The Lady and Sons Lasagna ( Paula Deen )
Ready In: 1 hr 15 mins
Serves: 8
Ingredients
Sauce
- 2 cups canned diced tomatoes
- 2 cups tomato sauce
- 1 cup water
- 1⁄2 cup onion, diced
- 1⁄2 cup green bell pepper, diced
- 2 garlic cloves, diced
- 1⁄4 cup chopped fresh parsley leaves
- 1 1⁄2 teaspoons italian seasoning
- 1 1⁄2 teaspoons house seasoning (full recipe is 1 cup salt, 1/4 cup black pepper and 1/4 cup garlic powder mixed)
- 1 1⁄2 teaspoons seasoning salt
- 1 1⁄2 teaspoons sugar
- 2 bay leaves
- 1 1⁄2 lbs ground beef
- 9 lasagna noodles (6 to 9 long strips)
- 12 ounces cottage cheese or 12 ounces ricotta cheese
- 1 large egg, beaten
- 1⁄2 cup grated parmesan cheese
- 1 cup gruyere cheese, grated
- 1 cup swiss cheese, grated
- 2 cups cheddar cheese, grated
- 8 ounces cream cheese
- 1 cup mozzarella cheese, grated
Directions
- To make the sauce: In a stockpot, combine the tomatoes, tomato sauce, water, onions, peppers, garlic, parsley, seasoning mixtures, sugar and bay leaves.
- Bring to a boil, then reduce the heat and simmer, covered, for 1 hour.
- Crumble the ground beef in a saucepan.
- Cook until no pink remains, then drain off the fat.
- Add the ground beef to the stockpot.
- Simmer for another 20 minutes.
- While the sauce simmers, cook the pasta according to the package directions.

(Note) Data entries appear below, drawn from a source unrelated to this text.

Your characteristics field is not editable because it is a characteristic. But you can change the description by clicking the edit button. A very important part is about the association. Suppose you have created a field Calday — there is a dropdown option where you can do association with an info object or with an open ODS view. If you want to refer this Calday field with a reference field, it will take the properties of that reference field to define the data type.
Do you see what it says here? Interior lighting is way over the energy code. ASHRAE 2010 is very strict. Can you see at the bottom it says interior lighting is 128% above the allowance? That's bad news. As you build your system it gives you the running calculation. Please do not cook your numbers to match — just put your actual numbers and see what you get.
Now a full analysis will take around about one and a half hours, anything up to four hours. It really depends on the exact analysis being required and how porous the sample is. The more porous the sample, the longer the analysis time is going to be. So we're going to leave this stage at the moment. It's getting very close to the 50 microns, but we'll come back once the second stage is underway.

- If the sauce is too thin for your taste, you can thicken it up at this time by mixing 1 tablespoon of cornstarch and 1/4 cup cold water-- bring the sauce back to a boil and stir in the cornstarch mixture, stirring constantly.
- Remove the bay leaves.
- Preheat the oven to 350º F.
- Mix together the cottage cheese with the 1 beaten egg and the 1/2 cup grated Parmesan Cheese.
- To assemble the lasagna: Place a thin layer of sauce in the bottom of a 9" x 13" x 2" pan.

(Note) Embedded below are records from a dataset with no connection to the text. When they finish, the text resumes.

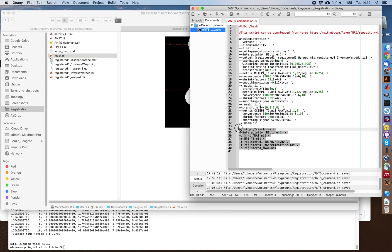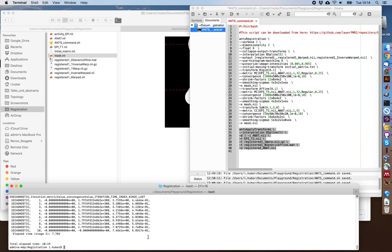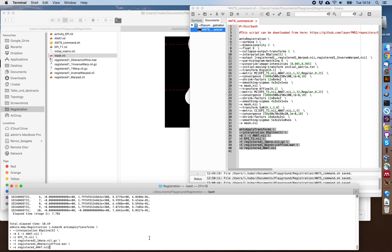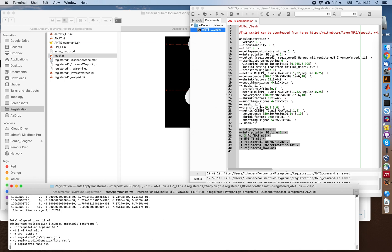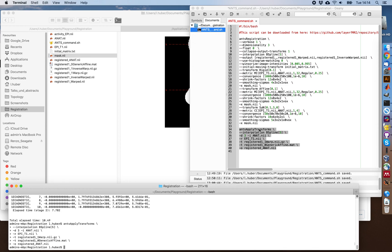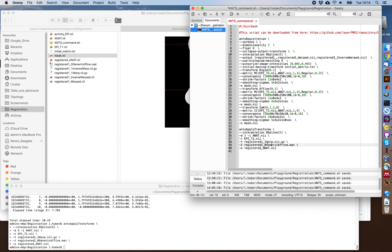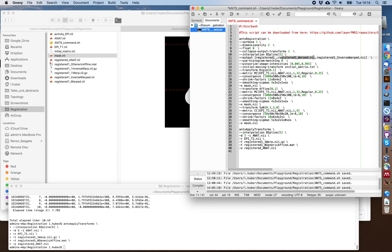At the end, I also want to show you that you can easily use the same transformation that ANTs calculated here and apply to another dataset. For example, with this command with ANTs apply transformation, where you give it the same matrix and warp field that was calculated earlier up here. Check out the comments below. Thank you.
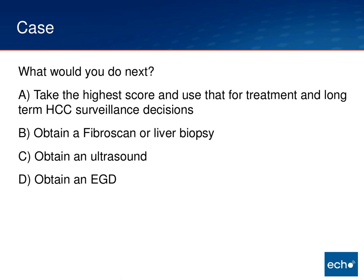So it looks like most people would get a FibroScan or a liver biopsy. A couple of people said they would just take the highest score. And one person said ultrasound. So let me talk through those.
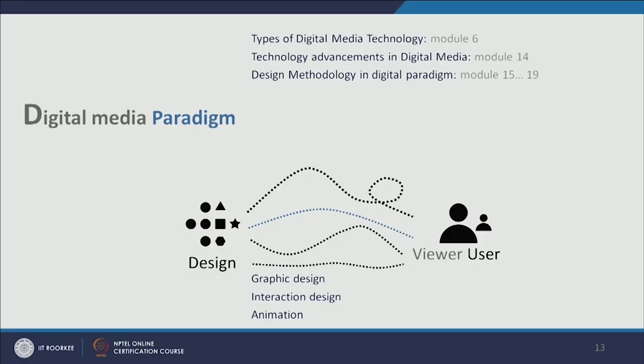We will also discuss methodology one by one. Module fifteen will discuss the generic design methodology — how the inductive process works and what different methodologies are available and how they evolved through time. From modules sixteen to nineteen onwards we will discuss each different domain of digital media — graphic design, interaction or web design, and animation — and each process and design methodology will be discussed in separate modules.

- Layer 1/3 each of noodles, cottage cheese mixture, Gruyere, Swiss and Cheddar Cheeses.
- Pinch off small pieces of cream cheese and dot over the other cheeses.
- Add another layer of sauce.
- Repeat layering 2 to 3 times, ending with sauce.
- This may be covered and refrigerated at this point.
- Bake for 20 minutes.
- Remove from oven and top with the Mozarella Cheese and continue to bake for another 10 to 15 minutes.
- Note: If the lasagna has been refrigerated, bake for 40 minutes total.
- Enjoy!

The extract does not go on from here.